If the client seems confused or out of touch with the world, ask questions that focus on today’s concerns (for example, ask what he or she had for breakfast).

Visiting a Person with Special Needs

Hearing Impaired

  • Speak more clearly, not louder. Repeat words as needed.
  • Maintain good eye contact.
  • Watch facial expression to make sure you’re understood.

Unable to Speak or Understand Well (often due to stroke)

  • Give the person plenty of time to speak.
  • Use gestures, or point to objects.
  • Don’t talk about the person in front of others.

Mentally Impaired

  • Speak calmly and reassuringly–not as if the person were a child.


  • Use vivid descriptions.
  • Offer to read newspaper, mail etc.


  • Acknowledge the person’s feelings.
  • Use positive words of encouragement and actions to help build self-esteem.

Remember to be patient at all times! Don’t get discouraged or stop visiting if the client isn’t in a good mood when you visit.

Share Activities!

Have Fun Together!

Socialize with other clients.

Read Aloud from the client’s hometown newspaper or favorite magazine.

Write Letters or make some local phone calls to relatives and friends.

Bring Children or grandchildren along.

Work on a Project such as needlework, puzzles, a photo album, or a favorite hobby.

Watch TV together, listen to the radio, if possible, walk outside together.
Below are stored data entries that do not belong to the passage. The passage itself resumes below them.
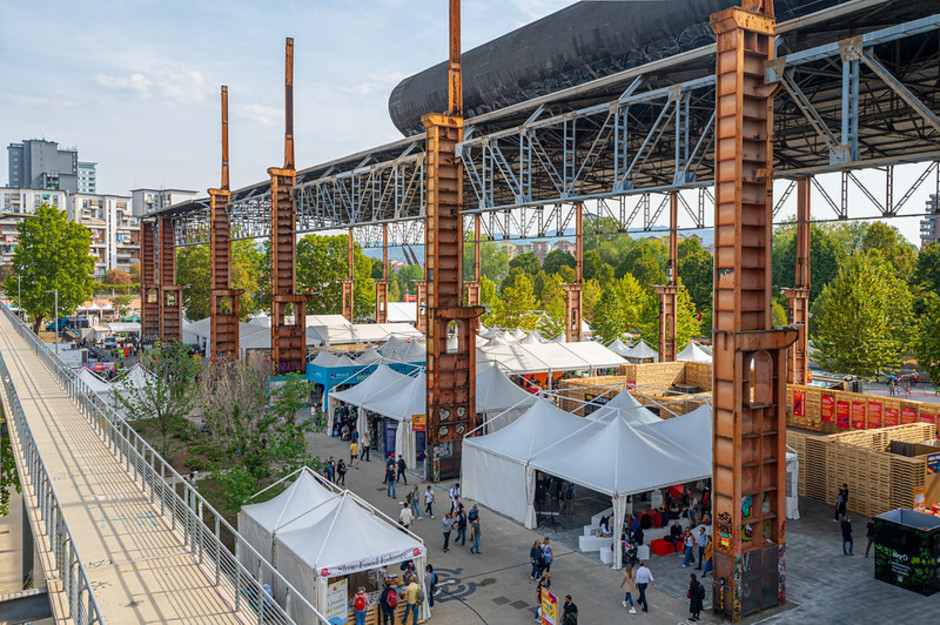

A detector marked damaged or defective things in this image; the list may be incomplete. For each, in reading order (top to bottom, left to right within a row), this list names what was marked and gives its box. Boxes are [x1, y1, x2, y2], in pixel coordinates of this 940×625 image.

rusty steel column [140, 219, 160, 342]
rusty steel column [158, 214, 184, 342]
rusty steel column [208, 86, 242, 364]
rusty steel column [268, 36, 308, 372]
rusty steel column [374, 223, 390, 322]
rusty steel column [426, 0, 484, 480]
rusty steel column [464, 212, 482, 304]
rusty steel column [564, 202, 580, 342]
rusty steel column [656, 194, 680, 360]
rusty steel column [712, 2, 792, 620]
rusty steel column [784, 179, 812, 386]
Create an Oral History of your friend or relative. Use a tape recorder to capture favorite stories and experiences.

Go “Out on the Town“

When possible, a change of scenery can have remarkable benefits!

Go Sightseeing, or take a shopping trip.

Dine Out, or go to a movie, or, why not have a picnic?
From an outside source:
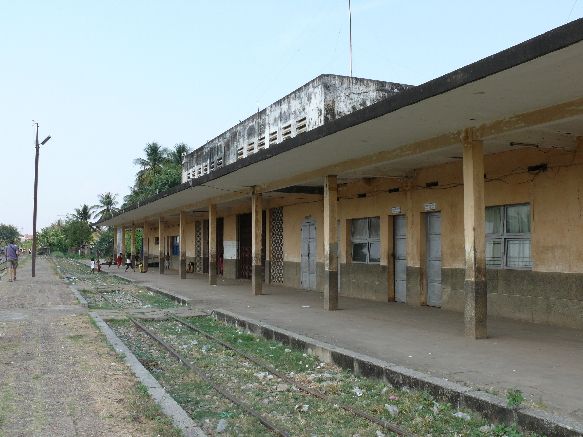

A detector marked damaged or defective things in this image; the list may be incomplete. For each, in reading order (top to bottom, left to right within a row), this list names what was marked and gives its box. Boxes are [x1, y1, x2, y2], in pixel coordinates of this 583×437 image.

rusty railway track [171, 314, 418, 436]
Go to Religious Services or special outings, dinners, or programs.

Take a Leisurely Stroll and enjoy our lovely scenic gardens.

Celebrate Special Events and important dates such as holidays and birthdays. Make plans ahead of time with the facility, so family and friends can join in the celebration.

Share a Caring Touch

People in long-term care facilities, like everyone else, need physical affection.
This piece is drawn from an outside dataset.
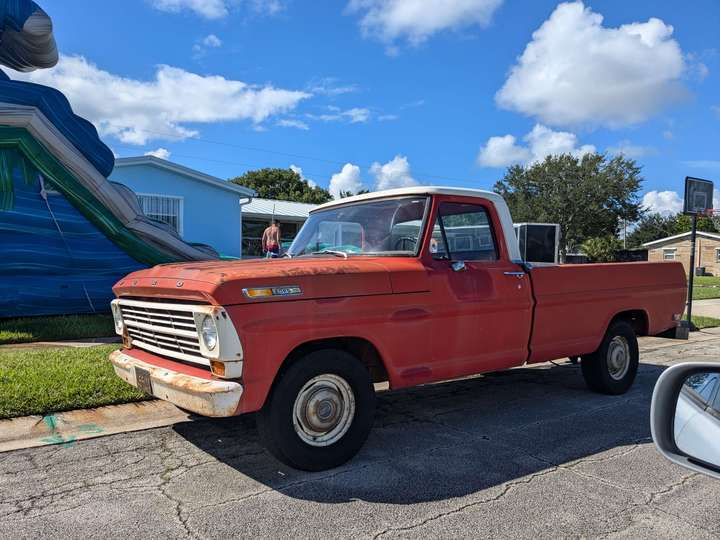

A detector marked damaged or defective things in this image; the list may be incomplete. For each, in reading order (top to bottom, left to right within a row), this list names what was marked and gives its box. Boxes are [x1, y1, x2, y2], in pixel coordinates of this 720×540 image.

rusty bumper [109, 348, 243, 420]
cracked asphalt [1, 332, 720, 536]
Shake Hands (don’t squeeze hard if the person has arthritis).

Hug or Kiss your friend or relative when you greet each other and end your visit.

Place your Hand gently on the person’s arm or shoulder while you are speaking or listening.

Give a Manicure or pedicure. Bring nail scissors, file, emery board, and nail polish with you when you visit.

Help Provide Hair Care for a client. Comb and brush the client’s hair, or gently massage the scalp.

Let the Staff Know if you plan to do these tasks regularly or just occasionally. Share information with the staff about the client (for example, likes and dislikes).

Know How to Handle Complaints

Naturally, you want your friend or relative to have the best possible care. Follow these basic tips if the client comes to you with complaints about the facility.

Listen without Judgment

Avoid emotional reactions. Try to learn if the complaint is valid.

Get to Know the Facility Staff

Make it a point to become familiar with the staff, and find out who is in a position to solve a problem or answer questions.

Take Action

Discuss the complaint calmly and reasonably with the appropriate staff member. Learn what solutions are available.

Be Realistic

Don’t be afraid to speak up, but also be realistic – no situation is perfect.

Some Questions and Answers

Is it OK to tip or give gifts to facility staff?

Usually, it’s not. Show your appreciation instead with a sincere word of thanks or a letter of praise to a staff member’s supervisor.

How can I become more involved with the facility?

Ask how and offer your talents. Everyone has something to give.

What if I can’t visit my friend or relative?

Visit in other ways-through tape-recorded messages, and through regular cards, letters and pictures.


Your visits can make a difference in the client’s life and yours.

Appreciate how important your visits are to the client.

Come Prepared with ideas for conversation and things to do.

Work with the facility’s staff to provide the best possible care.